**What you have to do**
From the line that includes "如何利用数据挖掘提高企业运营效率" to the last line of the records, inclusive, repeat each line exactly.

━━━━━ Records shown ━━━━━

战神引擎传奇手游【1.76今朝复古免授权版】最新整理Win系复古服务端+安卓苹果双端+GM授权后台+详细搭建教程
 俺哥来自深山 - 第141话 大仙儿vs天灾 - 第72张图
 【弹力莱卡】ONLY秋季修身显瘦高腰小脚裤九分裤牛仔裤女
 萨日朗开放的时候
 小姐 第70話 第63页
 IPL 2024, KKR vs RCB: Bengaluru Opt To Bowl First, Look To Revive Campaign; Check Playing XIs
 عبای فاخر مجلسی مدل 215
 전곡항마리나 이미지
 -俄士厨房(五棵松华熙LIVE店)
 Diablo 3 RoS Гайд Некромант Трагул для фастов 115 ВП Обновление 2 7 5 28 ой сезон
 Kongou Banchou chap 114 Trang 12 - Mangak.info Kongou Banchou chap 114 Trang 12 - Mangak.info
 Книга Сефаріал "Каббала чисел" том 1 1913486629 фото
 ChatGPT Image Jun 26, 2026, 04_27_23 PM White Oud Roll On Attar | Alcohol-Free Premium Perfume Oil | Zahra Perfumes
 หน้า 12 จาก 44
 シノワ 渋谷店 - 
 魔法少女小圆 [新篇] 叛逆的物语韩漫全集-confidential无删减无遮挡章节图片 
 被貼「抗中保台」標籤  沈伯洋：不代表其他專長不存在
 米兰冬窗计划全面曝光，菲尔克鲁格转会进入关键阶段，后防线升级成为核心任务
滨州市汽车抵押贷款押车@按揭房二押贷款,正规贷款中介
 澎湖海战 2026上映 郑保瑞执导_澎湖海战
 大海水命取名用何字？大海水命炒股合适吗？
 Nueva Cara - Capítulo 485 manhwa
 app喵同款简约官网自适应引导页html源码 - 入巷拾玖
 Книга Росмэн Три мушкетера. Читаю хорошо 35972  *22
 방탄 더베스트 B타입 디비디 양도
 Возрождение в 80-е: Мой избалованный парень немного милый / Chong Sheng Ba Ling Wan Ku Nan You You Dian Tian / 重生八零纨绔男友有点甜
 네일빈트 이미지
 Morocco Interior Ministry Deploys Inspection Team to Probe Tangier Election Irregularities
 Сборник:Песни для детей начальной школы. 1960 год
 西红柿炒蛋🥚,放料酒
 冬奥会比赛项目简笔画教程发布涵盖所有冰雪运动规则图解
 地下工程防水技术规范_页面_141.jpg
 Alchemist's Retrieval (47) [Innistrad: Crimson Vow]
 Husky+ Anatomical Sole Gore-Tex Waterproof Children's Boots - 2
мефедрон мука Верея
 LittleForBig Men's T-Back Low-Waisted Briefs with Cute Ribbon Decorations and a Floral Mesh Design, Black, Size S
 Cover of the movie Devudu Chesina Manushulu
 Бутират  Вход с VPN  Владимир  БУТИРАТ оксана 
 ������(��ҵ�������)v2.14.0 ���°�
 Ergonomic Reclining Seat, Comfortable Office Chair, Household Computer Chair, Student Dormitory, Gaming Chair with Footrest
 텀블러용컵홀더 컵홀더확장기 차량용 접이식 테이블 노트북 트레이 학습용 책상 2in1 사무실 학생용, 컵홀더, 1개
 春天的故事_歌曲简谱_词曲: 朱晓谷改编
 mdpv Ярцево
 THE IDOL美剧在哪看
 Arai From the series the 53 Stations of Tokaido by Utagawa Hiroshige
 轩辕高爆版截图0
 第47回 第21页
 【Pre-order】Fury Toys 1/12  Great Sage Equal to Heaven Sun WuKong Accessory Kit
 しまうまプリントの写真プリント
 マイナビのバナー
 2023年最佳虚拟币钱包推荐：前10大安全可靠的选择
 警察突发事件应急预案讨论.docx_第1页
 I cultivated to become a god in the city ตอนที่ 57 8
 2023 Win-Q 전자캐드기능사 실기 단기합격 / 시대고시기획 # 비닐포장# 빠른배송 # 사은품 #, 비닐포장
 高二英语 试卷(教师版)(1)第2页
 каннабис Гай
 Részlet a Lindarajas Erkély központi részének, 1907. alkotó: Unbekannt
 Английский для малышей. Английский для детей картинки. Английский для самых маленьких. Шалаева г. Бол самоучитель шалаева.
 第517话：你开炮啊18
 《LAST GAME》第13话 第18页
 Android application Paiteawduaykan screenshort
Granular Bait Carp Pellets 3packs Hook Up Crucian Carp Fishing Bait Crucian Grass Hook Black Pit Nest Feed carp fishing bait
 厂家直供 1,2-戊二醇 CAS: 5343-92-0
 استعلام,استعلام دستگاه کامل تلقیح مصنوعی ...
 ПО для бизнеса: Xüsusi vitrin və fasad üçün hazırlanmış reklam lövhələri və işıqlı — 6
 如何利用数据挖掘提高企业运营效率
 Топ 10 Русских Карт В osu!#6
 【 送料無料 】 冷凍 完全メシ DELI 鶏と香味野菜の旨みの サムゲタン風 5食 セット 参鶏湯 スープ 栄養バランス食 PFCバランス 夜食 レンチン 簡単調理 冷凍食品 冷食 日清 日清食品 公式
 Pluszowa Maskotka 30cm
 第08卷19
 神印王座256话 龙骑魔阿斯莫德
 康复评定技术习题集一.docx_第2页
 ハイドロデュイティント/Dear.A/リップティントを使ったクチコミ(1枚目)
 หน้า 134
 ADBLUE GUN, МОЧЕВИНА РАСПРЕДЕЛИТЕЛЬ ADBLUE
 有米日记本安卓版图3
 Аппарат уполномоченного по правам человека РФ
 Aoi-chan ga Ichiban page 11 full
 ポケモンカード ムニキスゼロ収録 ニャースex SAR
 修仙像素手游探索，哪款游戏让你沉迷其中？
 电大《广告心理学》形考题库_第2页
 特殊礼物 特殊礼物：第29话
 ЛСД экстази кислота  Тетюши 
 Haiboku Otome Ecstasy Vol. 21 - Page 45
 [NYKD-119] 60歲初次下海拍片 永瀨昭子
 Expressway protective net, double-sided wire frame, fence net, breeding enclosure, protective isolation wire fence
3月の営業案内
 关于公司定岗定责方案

━━━━━

**Reply to the task**
 如何利用数据挖掘提高企业运营效率
 Топ 10 Русских Карт В osu!#6
 【 送料無料 】 冷凍 完全メシ DELI 鶏と香味野菜の旨みの サムゲタン風 5食 セット 参鶏湯 スープ 栄養バランス食 PFCバランス 夜食 レンチン 簡単調理 冷凍食品 冷食 日清 日清食品 公式
 Pluszowa Maskotka 30cm
 第08卷19
 神印王座256话 龙骑魔阿斯莫德
 康复评定技术习题集一.docx_第2页
 ハイドロデュイティント/Dear.A/リップティントを使ったクチコミ(1枚目)
 หน้า 134
 ADBLUE GUN, МОЧЕВИНА РАСПРЕДЕЛИТЕЛЬ ADBLUE
 有米日记本安卓版图3
 Аппарат уполномоченного по правам человека РФ
 Aoi-chan ga Ichiban page 11 full
 ポケモンカード ムニキスゼロ収録 ニャースex SAR
 修仙像素手游探索，哪款游戏让你沉迷其中？
 电大《广告心理学》形考题库_第2页
 特殊礼物 特殊礼物：第29话
 ЛСД экстази кислота  Тетюши 
 Haiboku Otome Ecstasy Vol. 21 - Page 45
 [NYKD-119] 60歲初次下海拍片 永瀨昭子
 Expressway protective net, double-sided wire frame, fence net, breeding enclosure, protective isolation wire fence
3月の営業案内
 关于公司定岗定责方案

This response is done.